=== Section Start ===

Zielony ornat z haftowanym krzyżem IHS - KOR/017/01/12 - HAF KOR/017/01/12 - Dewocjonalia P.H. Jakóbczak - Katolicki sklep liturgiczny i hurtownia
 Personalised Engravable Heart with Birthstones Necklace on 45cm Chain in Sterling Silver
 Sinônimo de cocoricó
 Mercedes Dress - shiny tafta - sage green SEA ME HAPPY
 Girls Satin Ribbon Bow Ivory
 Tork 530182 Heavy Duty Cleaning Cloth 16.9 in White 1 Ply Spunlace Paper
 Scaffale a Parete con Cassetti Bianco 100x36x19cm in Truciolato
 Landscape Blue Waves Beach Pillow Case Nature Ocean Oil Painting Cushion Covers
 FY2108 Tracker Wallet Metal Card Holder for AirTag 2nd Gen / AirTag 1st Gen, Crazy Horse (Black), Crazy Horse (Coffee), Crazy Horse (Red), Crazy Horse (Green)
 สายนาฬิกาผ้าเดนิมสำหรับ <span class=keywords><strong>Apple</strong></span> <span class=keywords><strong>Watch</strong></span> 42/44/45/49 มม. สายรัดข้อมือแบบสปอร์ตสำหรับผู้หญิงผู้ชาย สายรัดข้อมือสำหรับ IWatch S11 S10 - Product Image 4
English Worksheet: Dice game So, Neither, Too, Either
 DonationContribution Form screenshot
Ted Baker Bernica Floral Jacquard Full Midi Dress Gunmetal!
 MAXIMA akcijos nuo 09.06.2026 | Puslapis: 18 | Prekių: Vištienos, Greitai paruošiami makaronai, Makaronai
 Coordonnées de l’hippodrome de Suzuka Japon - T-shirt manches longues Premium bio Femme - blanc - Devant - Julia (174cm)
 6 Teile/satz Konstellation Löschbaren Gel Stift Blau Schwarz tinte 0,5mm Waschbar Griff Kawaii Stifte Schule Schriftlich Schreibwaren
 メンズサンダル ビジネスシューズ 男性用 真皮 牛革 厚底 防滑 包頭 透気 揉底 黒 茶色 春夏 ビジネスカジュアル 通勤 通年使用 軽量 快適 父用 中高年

=== Section End ===

*Problem requirements:* Exact copies of the lines from the start of the data up to the line holding "Landscape Blue Waves", both included, are all that is needed.

*Task answer:*
Zielony ornat z haftowanym krzyżem IHS - KOR/017/01/12 - HAF KOR/017/01/12 - Dewocjonalia P.H. Jakóbczak - Katolicki sklep liturgiczny i hurtownia
 Personalised Engravable Heart with Birthstones Necklace on 45cm Chain in Sterling Silver
 Sinônimo de cocoricó
 Mercedes Dress - shiny tafta - sage green SEA ME HAPPY
 Girls Satin Ribbon Bow Ivory
 Tork 530182 Heavy Duty Cleaning Cloth 16.9 in White 1 Ply Spunlace Paper
 Scaffale a Parete con Cassetti Bianco 100x36x19cm in Truciolato
 Landscape Blue Waves Beach Pillow Case Nature Ocean Oil Painting Cushion Covers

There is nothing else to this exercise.